• [Your assignment] Skip the pictures. Transcribe exactly the lines from the line containing "Sam Edelman Other" to the end of the listing.
** Opening Dataset excerpt block **
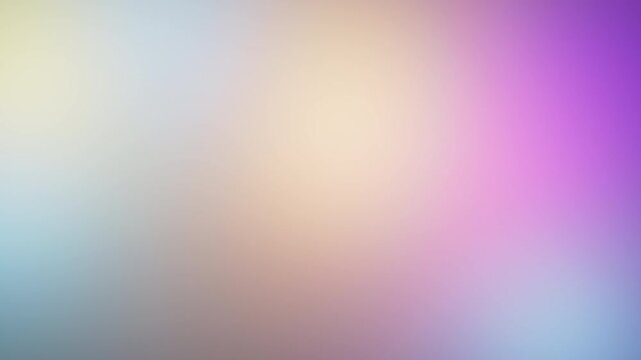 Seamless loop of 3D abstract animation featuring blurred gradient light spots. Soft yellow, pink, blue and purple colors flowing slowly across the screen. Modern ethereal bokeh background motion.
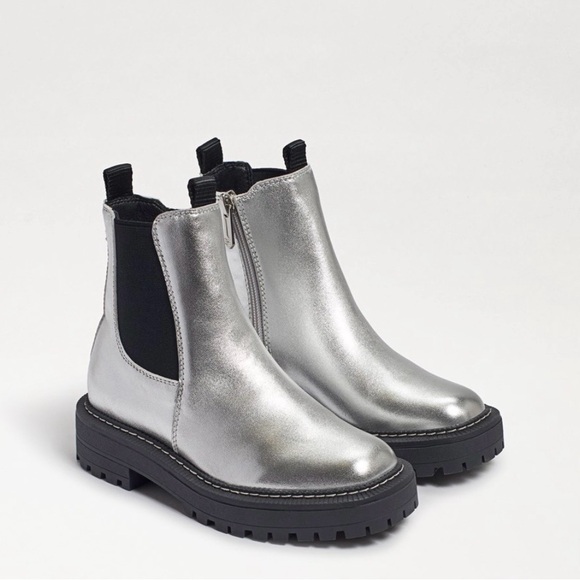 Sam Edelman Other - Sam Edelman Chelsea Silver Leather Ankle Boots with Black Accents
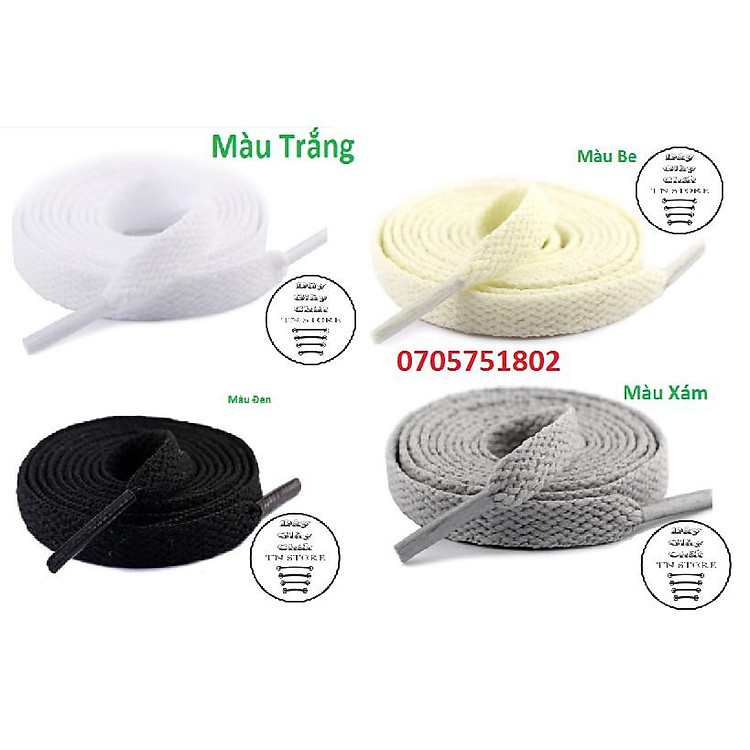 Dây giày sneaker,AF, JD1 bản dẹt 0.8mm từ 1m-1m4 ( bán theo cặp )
** Closing Dataset excerpt block **
• [Result for this exercise]
 Sam Edelman Other - Sam Edelman Chelsea Silver Leather Ankle Boots with Black Accents
 Dây giày sneaker,AF, JD1 bản dẹt 0.8mm từ 1m-1m4 ( bán theo cặp )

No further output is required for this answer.